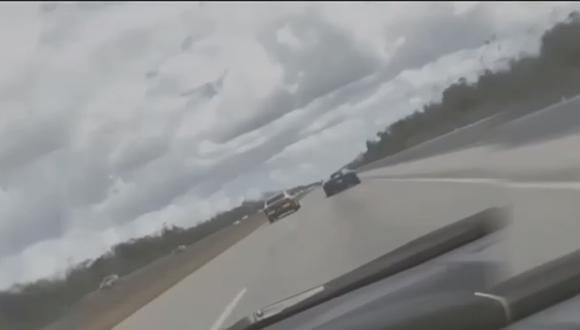 Un policía al volante de su Dodge Charger retó al conductor de un Lamborghini Aventador en plena autopista. (Foto: YouTube).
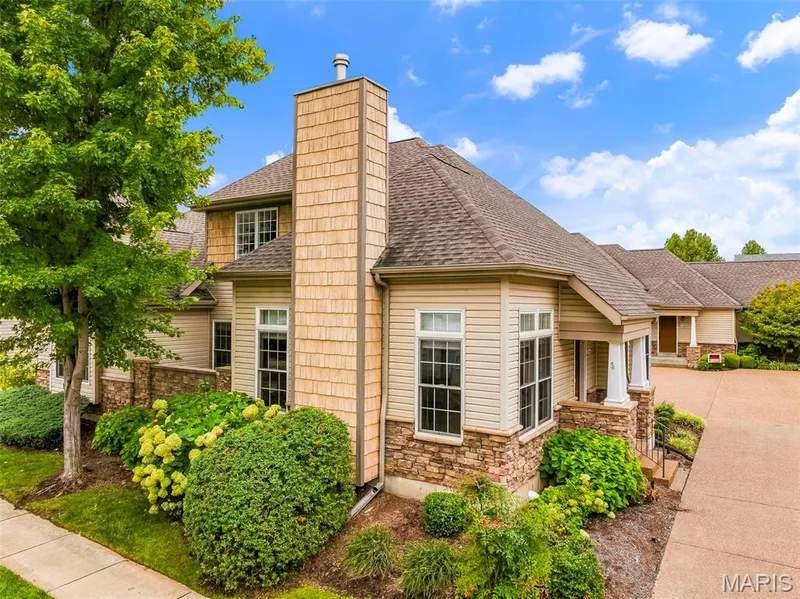1264 Harmony Lake Drive, Cottleville, MO 63376 — listing photo 15 of 76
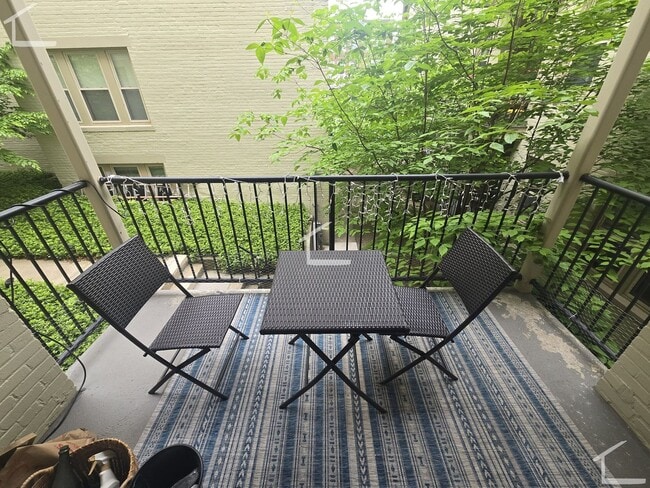 Photo - 264 Kelton St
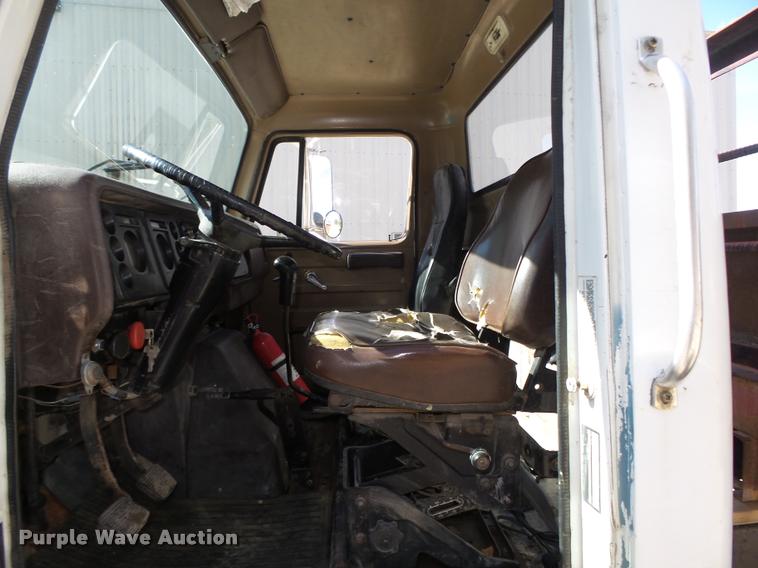 image for item L4096 1986 International 1954 dump truck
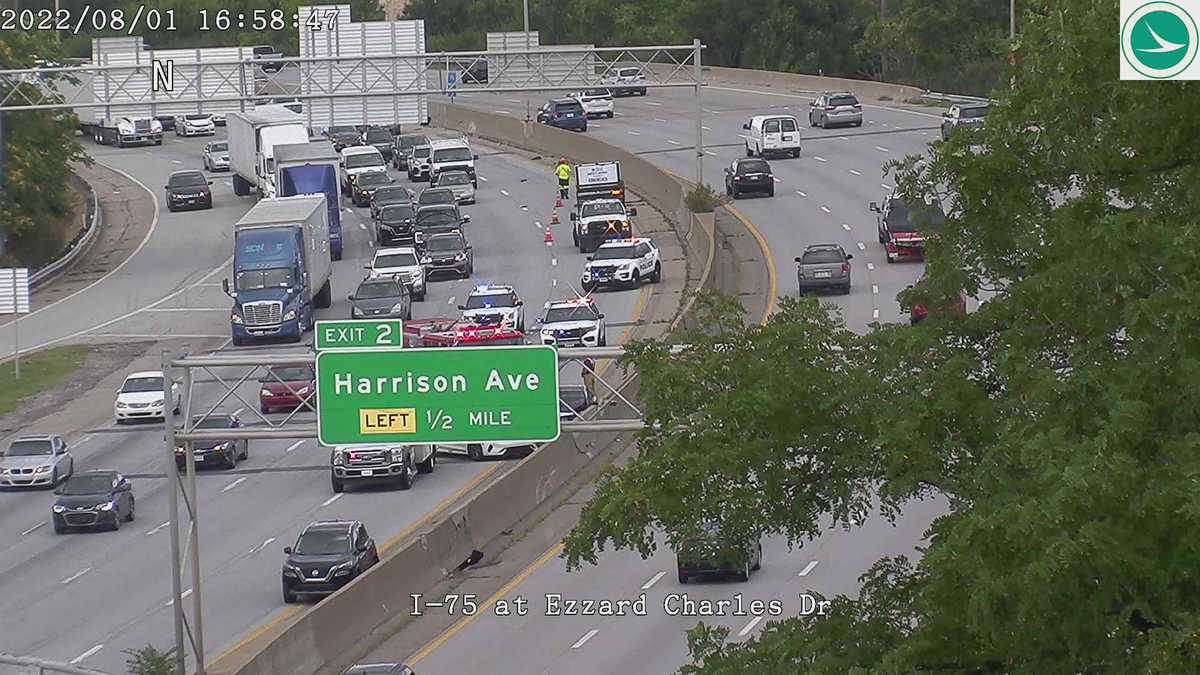 Two lanes blocked on I-75 after a crash near the West End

------------------------------------

Word for word, restate the lines from the first line of the material through the line containing "image for item", with the pictures left out.

 Un policía al volante de su Dodge Charger retó al conductor de un Lamborghini Aventador en plena autopista. (Foto: YouTube).
1264 Harmony Lake Drive, Cottleville, MO 63376 — listing photo 15 of 76
 Photo - 264 Kelton St
 image for item L4096 1986 International 1954 dump truck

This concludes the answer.